Der erkennende Senat hat durch Beschluß vom 23. Juni 1993 X B 134/91 (BFHE 172, 9, BStBl II 1994, 38) dem Großen Senat des BFH die Rechtsfrage vorgelegt, ob die Vollziehung eines Einkommensteuerbescheides auch insoweit aufgehoben werden darf, als sie zu einer -- vorläufigen -- Erstattung entrichteter Einkommensteuer-Vorauszahlungsbeträge führt. Der Große Senat hat die vorgelegte Rechtsfrage mit Beschluß vom 3. Juli 1995 GrS 3/93, BFHE 178, 11 beantwortet.

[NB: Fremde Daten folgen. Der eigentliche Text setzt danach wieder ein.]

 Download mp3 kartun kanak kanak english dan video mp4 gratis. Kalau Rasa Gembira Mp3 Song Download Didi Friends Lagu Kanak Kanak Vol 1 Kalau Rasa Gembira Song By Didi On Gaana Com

Auf diese Entscheidung nimmt der erkennende Senat Bezug.

 

Entscheidungsgründe

Die Beschwerde ist zulässig (§ 128 FGO i. V. m. Art. 1 Nr. 3 des Gesetzes zur Entlastung des Bundesfinanzhofs -- BFHEntlG --).

Die Beschwerde ist zum Teil begründet.

1. Nach Weigerung des FA, die Vollziehung der gegenüber den Antragstellern erlassenen Einkommensteuerbescheide aufzuheben, sind die Zugangsvoraussetzungen für einen Antrag auf Aufhebung der Vollziehung bei dem FG erfüllt (§ 69 Abs. 3 FGO i. V. m. Art. 3 § 7 Abs. 1 Satz 2 Nr. 1 des Gesetzes zur Entlastung der Gerichte in der Verwaltungs- und Finanzgerichtsbarkeit -- VGFGEntlG --).

2. Zutreffend hat das FG die Zulässigkeit des Antrages auf Aufhebung der Vollziehung nicht deshalb verneint, weil der Antrag auf Aufhebung der Vollziehung der Einkommensteuerbescheide 1988 (Folgebescheide) mit Einwendungen begründet wurde, die den Grundlagenbescheid betreffen.

a) Lehnt das FA die Aussetzung/Aufhebung der Vollziehung eines Folgebescheides ab, obwohl die Vollziehung des Grundlagenbescheides ausgesetzt war, so kann die Aussetzung/Aufhebung der Vollziehung vom FG gewährt werden. § 361 Abs. 3 Satz 1 der Abgabenordnung (AO 1977) und § 69 Abs. 2 Satz 4 FGO gehen zwar davon aus, daß die Vollziehung des Folgebescheides von Amts wegen ausgesetzt wird. Kommt das FA dem nicht nach, so wird vorläufiger Rechtsschutz durch das FG gewährt (BFH- Beschluß vom 8. Juli 1982 IV B 6/82, BFHE 136, 190, BStBl II 1982, 660; Gräber/Koch, Finanzgerichtsordnung, 3. Aufl., § 69 Rdnr. 57).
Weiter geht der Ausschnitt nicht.